### PROBLEM TO WORK ON:
These records contain pictures, which must be left out; copy exactly the lines from the one with "15, 2, 2025" up to and including the one with "KLM Cityhopper Embraer".

### DATASET EXCERPTS:
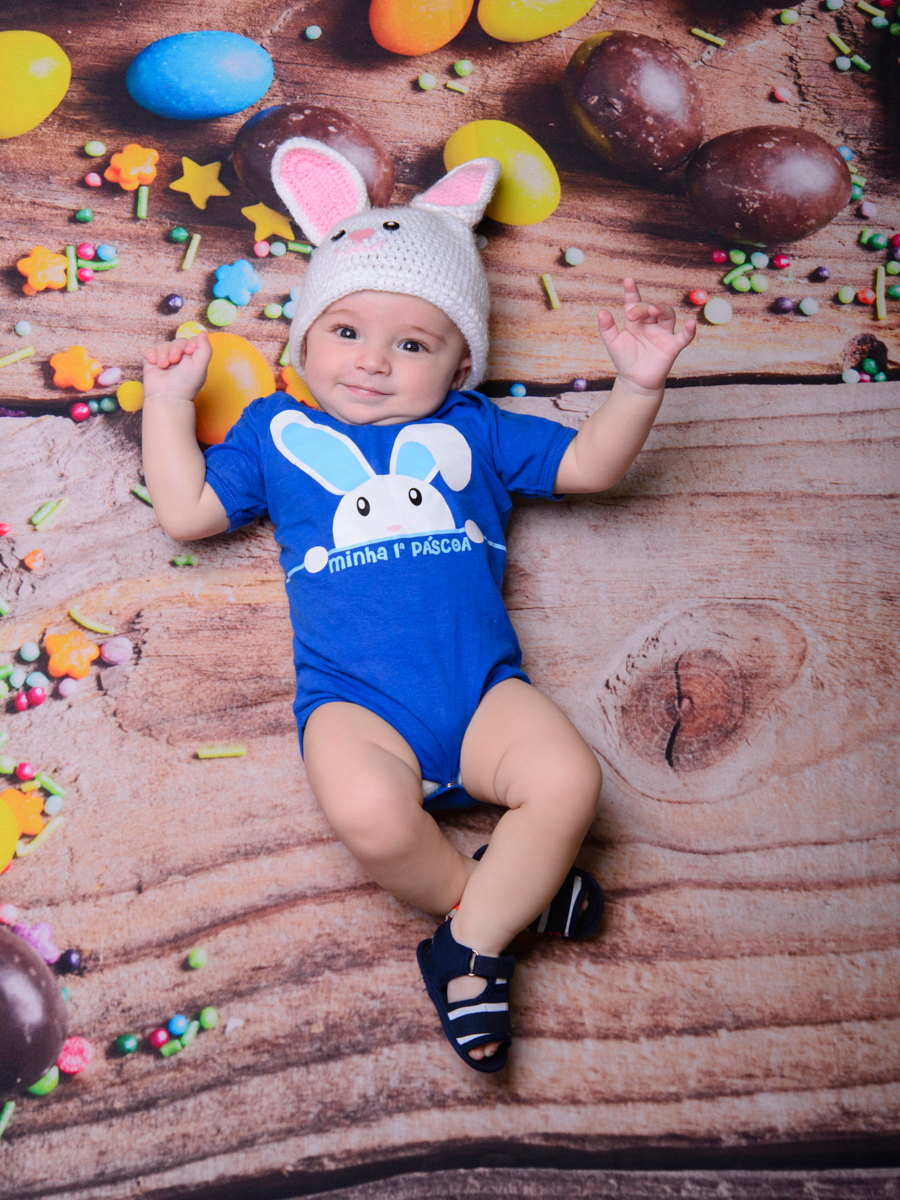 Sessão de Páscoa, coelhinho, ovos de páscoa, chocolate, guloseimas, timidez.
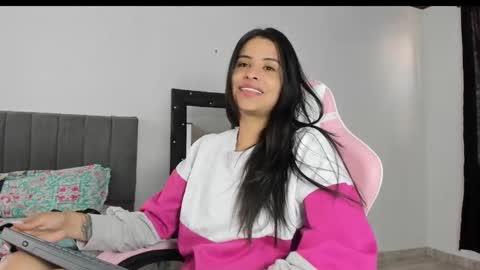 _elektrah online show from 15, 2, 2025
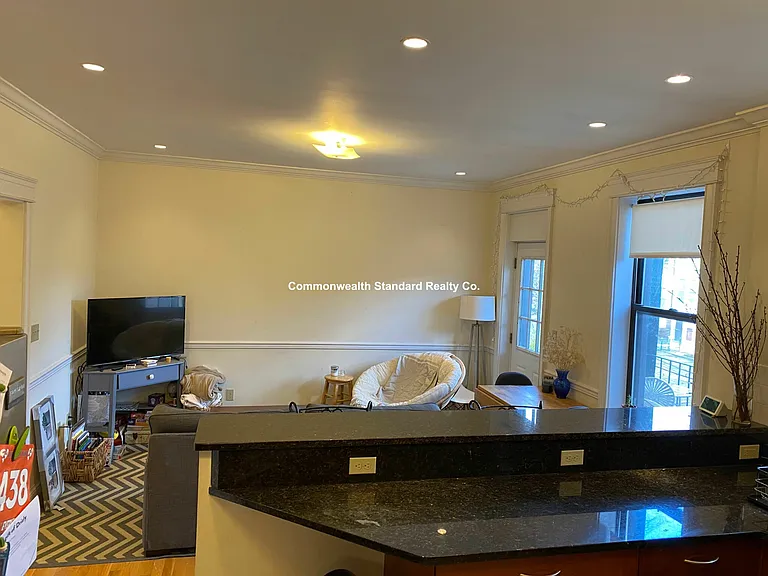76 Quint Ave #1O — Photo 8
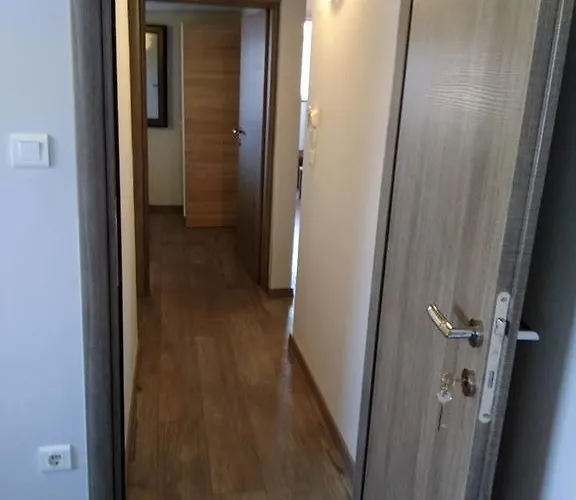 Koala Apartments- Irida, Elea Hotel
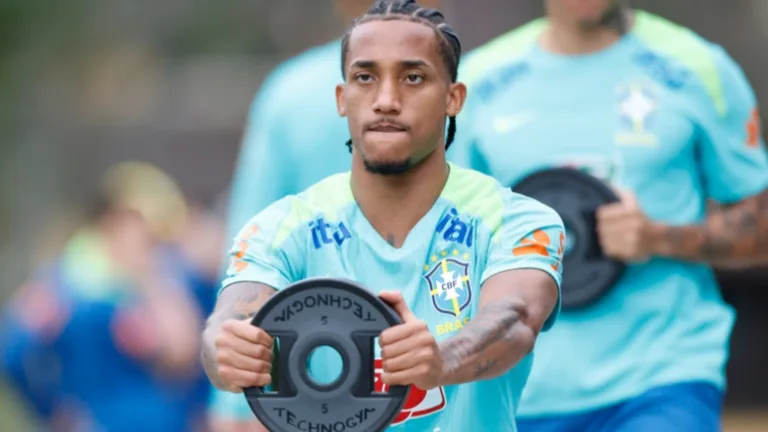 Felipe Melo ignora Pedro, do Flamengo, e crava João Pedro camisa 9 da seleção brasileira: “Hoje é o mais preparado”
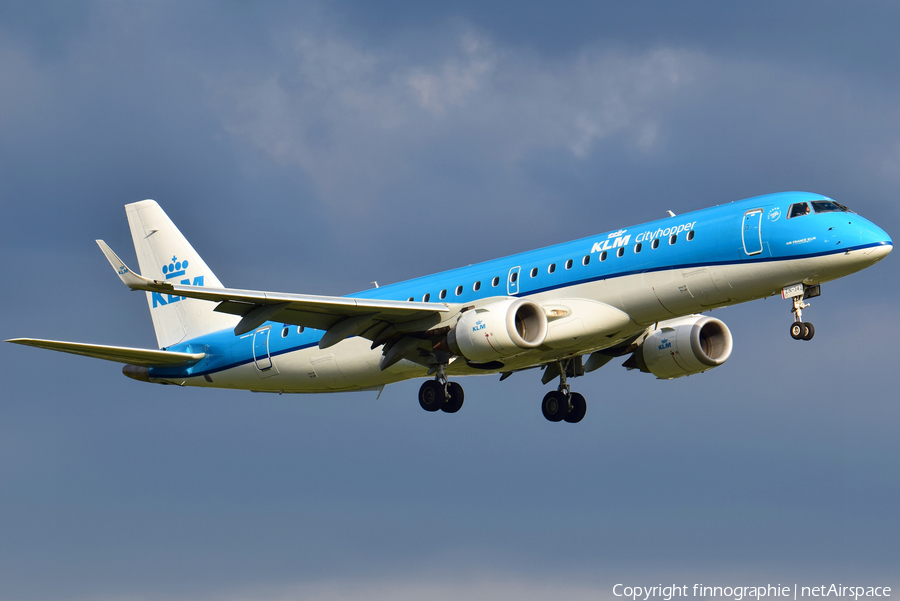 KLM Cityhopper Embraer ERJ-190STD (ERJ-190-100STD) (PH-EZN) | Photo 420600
---
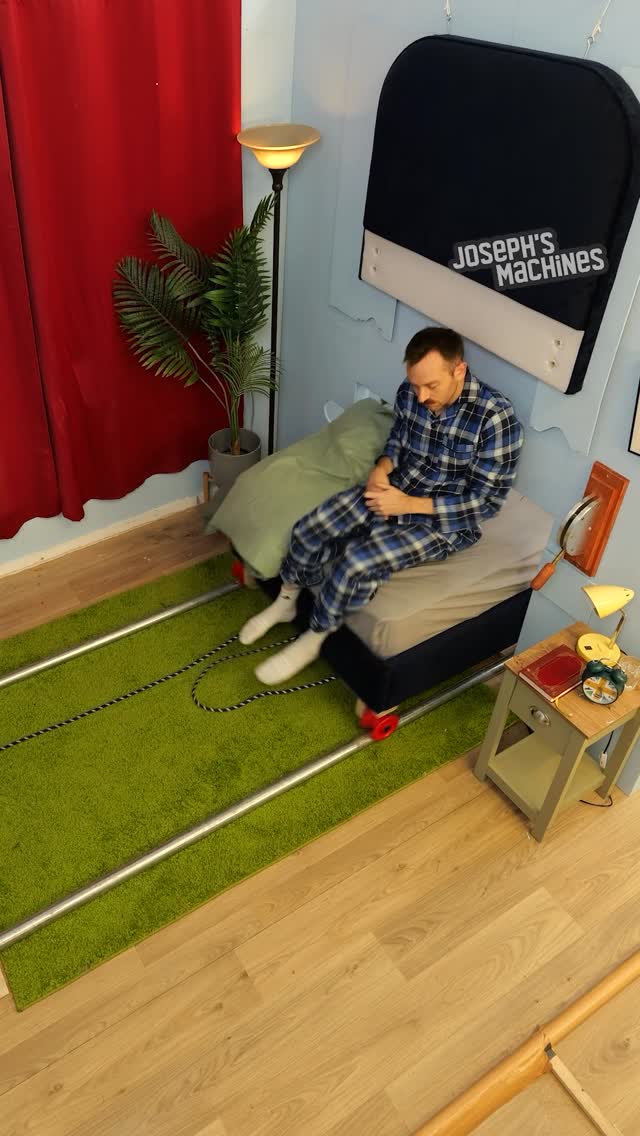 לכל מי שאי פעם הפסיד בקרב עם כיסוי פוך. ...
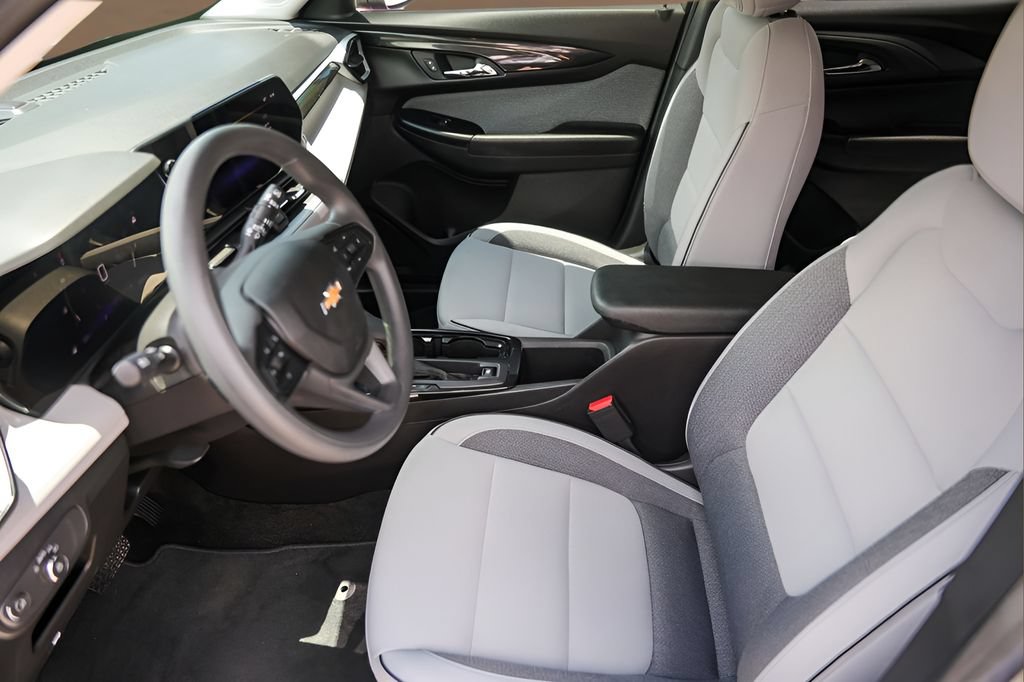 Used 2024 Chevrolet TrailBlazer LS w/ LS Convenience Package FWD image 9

### EXPECTED ANSWER:
 _elektrah online show from 15, 2, 2025
76 Quint Ave #1O — Photo 8
 Koala Apartments- Irida, Elea Hotel
 Felipe Melo ignora Pedro, do Flamengo, e crava João Pedro camisa 9 da seleção brasileira: “Hoje é o mais preparado”
 KLM Cityhopper Embraer ERJ-190STD (ERJ-190-100STD) (PH-EZN) | Photo 420600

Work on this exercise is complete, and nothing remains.